Task input START

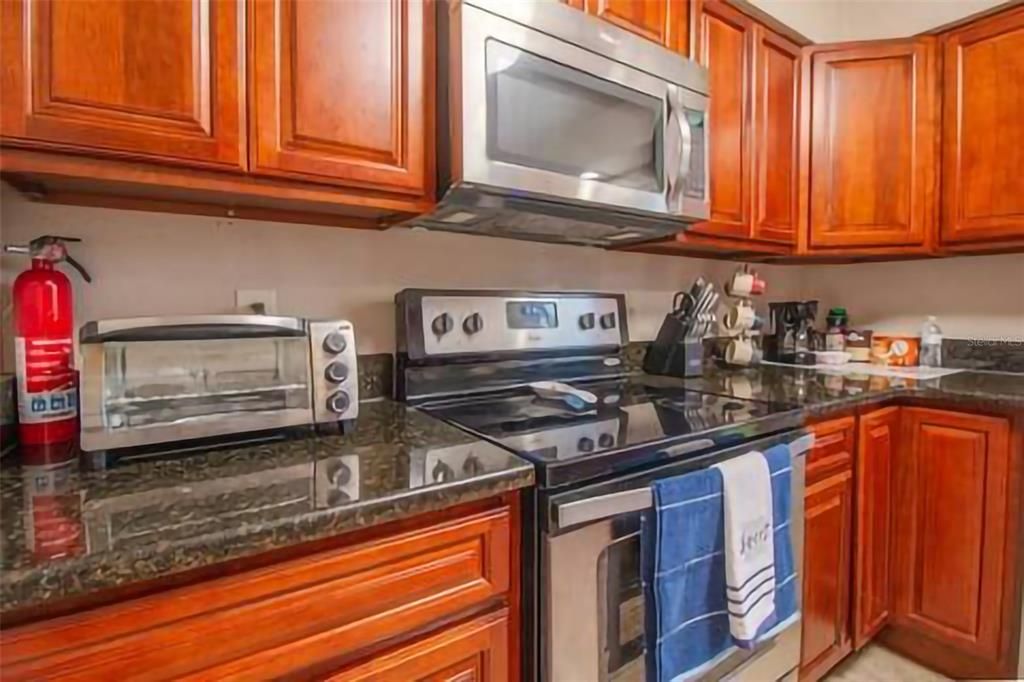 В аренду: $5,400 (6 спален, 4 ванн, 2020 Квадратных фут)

Task input END
Task input START

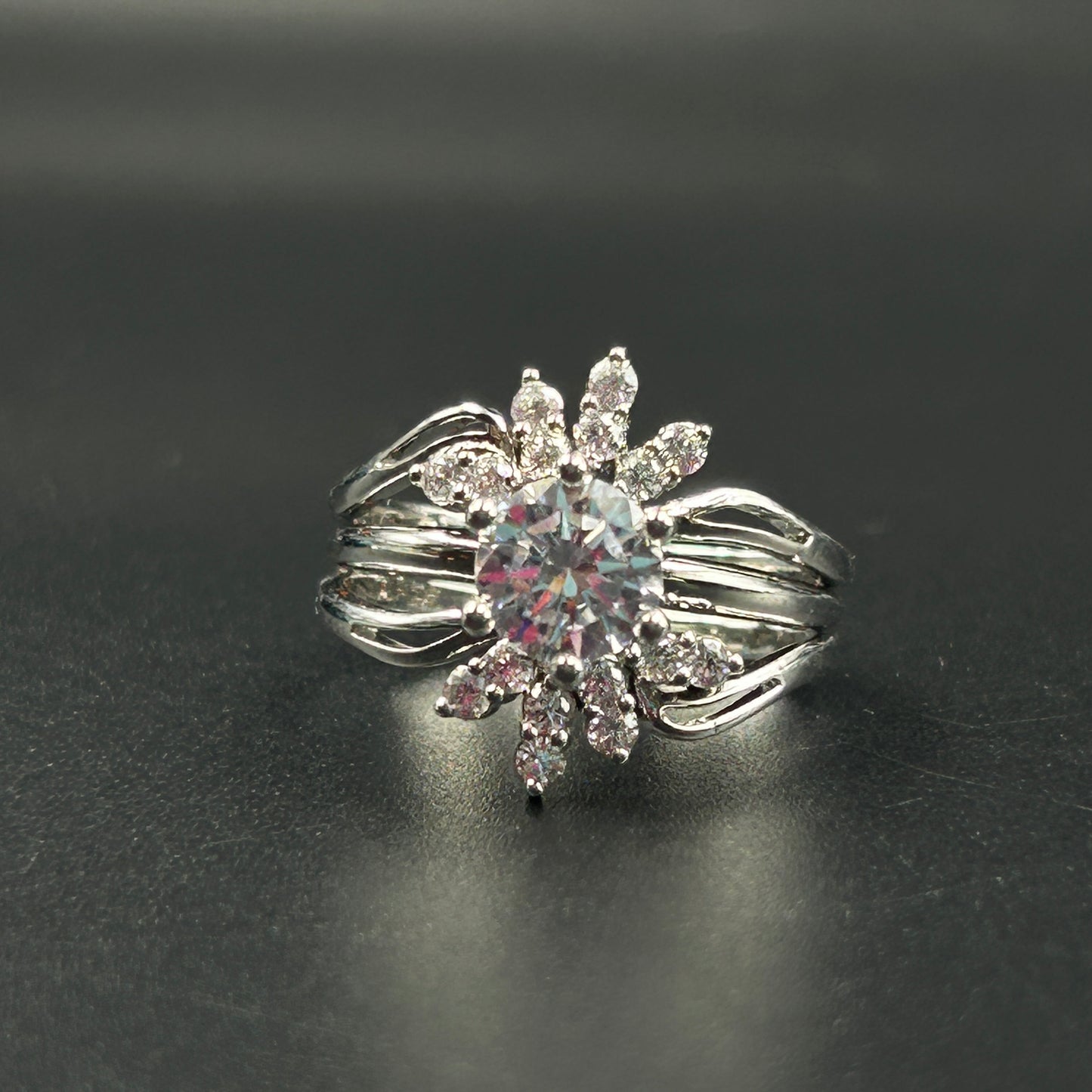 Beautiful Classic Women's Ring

Task input END
Task input START

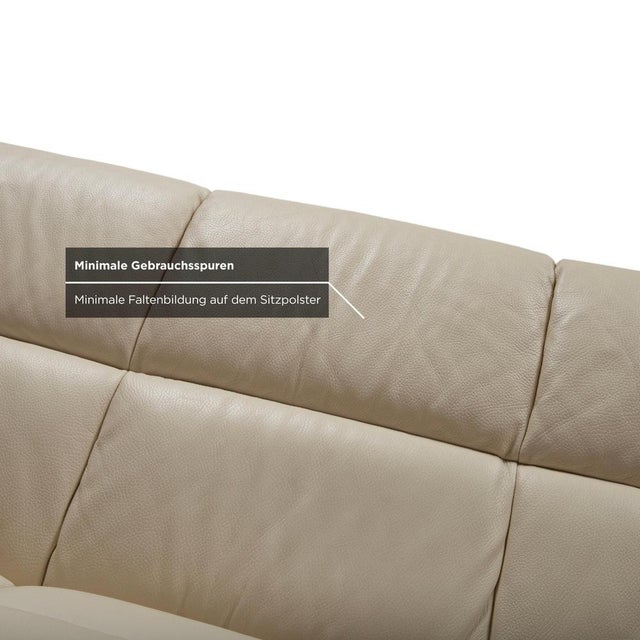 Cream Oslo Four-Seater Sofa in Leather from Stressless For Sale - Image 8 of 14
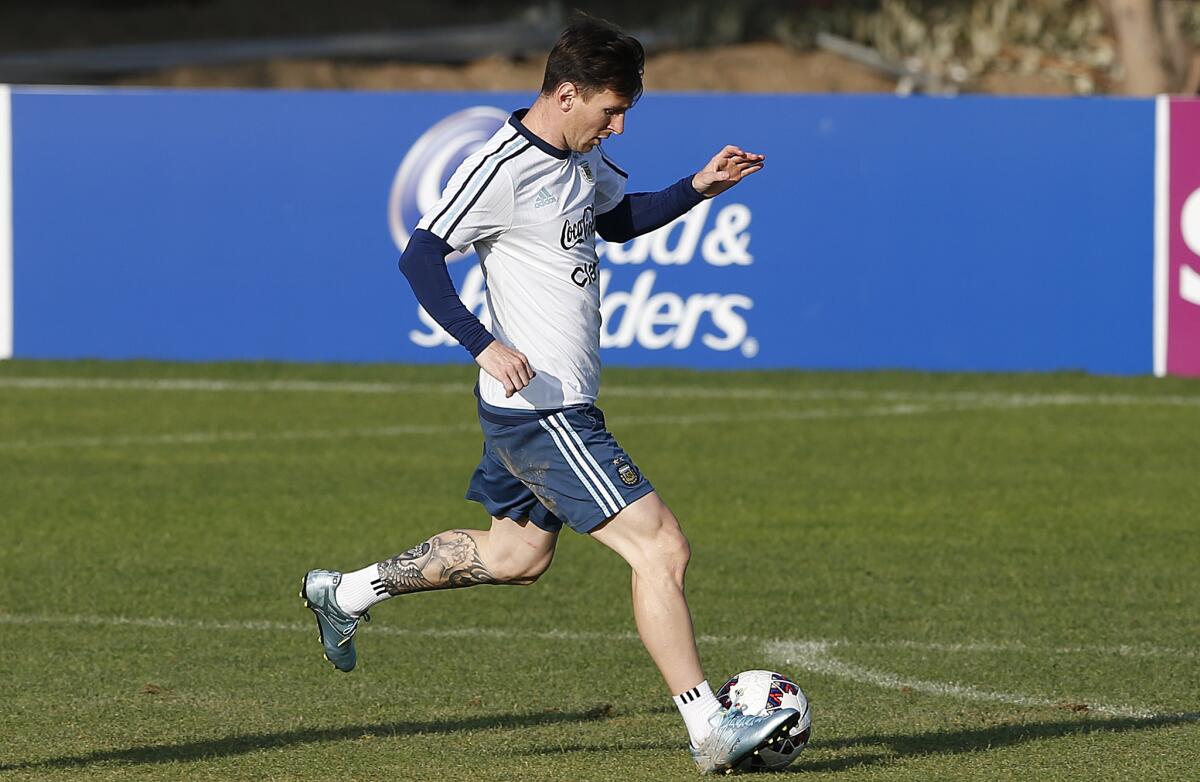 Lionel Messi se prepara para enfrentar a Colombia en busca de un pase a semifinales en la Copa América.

Task input END

- **Work to complete**
From the records above, write out exactly the lines that begin at the line with "Cream Oslo Four-Seater" and end at the line with "Lionel Messi se". Pictures must not appear in the output.

- **Task response**
 Cream Oslo Four-Seater Sofa in Leather from Stressless For Sale - Image 8 of 14
 Lionel Messi se prepara para enfrentar a Colombia en busca de un pase a semifinales en la Copa América.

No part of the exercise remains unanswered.